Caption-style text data
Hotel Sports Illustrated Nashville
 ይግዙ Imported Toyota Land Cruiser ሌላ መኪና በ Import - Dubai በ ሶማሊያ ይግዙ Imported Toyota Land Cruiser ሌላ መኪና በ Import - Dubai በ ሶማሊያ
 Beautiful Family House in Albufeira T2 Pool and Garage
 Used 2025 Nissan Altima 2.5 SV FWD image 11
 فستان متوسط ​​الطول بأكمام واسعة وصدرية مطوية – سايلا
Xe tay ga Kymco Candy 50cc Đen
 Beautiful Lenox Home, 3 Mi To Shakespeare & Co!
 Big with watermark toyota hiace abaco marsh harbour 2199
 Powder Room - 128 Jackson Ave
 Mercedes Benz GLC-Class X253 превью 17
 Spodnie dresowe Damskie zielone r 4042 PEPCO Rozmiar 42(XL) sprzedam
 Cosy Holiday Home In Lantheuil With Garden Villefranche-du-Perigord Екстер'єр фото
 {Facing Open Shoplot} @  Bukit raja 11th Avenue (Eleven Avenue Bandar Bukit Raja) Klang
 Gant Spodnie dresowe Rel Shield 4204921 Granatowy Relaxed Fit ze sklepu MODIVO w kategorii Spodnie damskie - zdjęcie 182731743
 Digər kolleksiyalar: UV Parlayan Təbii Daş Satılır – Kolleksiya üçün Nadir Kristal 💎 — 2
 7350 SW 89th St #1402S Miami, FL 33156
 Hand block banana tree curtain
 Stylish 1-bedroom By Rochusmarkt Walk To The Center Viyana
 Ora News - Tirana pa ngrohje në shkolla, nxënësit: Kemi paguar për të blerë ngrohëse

PROMPT >> Each entry shown above should be copied out exactly.

TASK RESULT >>
Hotel Sports Illustrated Nashville
 ይግዙ Imported Toyota Land Cruiser ሌላ መኪና በ Import - Dubai በ ሶማሊያ ይግዙ Imported Toyota Land Cruiser ሌላ መኪና በ Import - Dubai በ ሶማሊያ
 Beautiful Family House in Albufeira T2 Pool and Garage
 Used 2025 Nissan Altima 2.5 SV FWD image 11
 فستان متوسط ​​الطول بأكمام واسعة وصدرية مطوية – سايلا
Xe tay ga Kymco Candy 50cc Đen
 Beautiful Lenox Home, 3 Mi To Shakespeare & Co!
 Big with watermark toyota hiace abaco marsh harbour 2199
 Powder Room - 128 Jackson Ave
 Mercedes Benz GLC-Class X253 превью 17
 Spodnie dresowe Damskie zielone r 4042 PEPCO Rozmiar 42(XL) sprzedam
 Cosy Holiday Home In Lantheuil With Garden Villefranche-du-Perigord Екстер'єр фото
 {Facing Open Shoplot} @  Bukit raja 11th Avenue (Eleven Avenue Bandar Bukit Raja) Klang
 Gant Spodnie dresowe Rel Shield 4204921 Granatowy Relaxed Fit ze sklepu MODIVO w kategorii Spodnie damskie - zdjęcie 182731743
 Digər kolleksiyalar: UV Parlayan Təbii Daş Satılır – Kolleksiya üçün Nadir Kristal 💎 — 2
 7350 SW 89th St #1402S Miami, FL 33156
 Hand block banana tree curtain
 Stylish 1-bedroom By Rochusmarkt Walk To The Center Viyana
 Ora News - Tirana pa ngrohje në shkolla, nxënësit: Kemi paguar për të blerë ngrohëse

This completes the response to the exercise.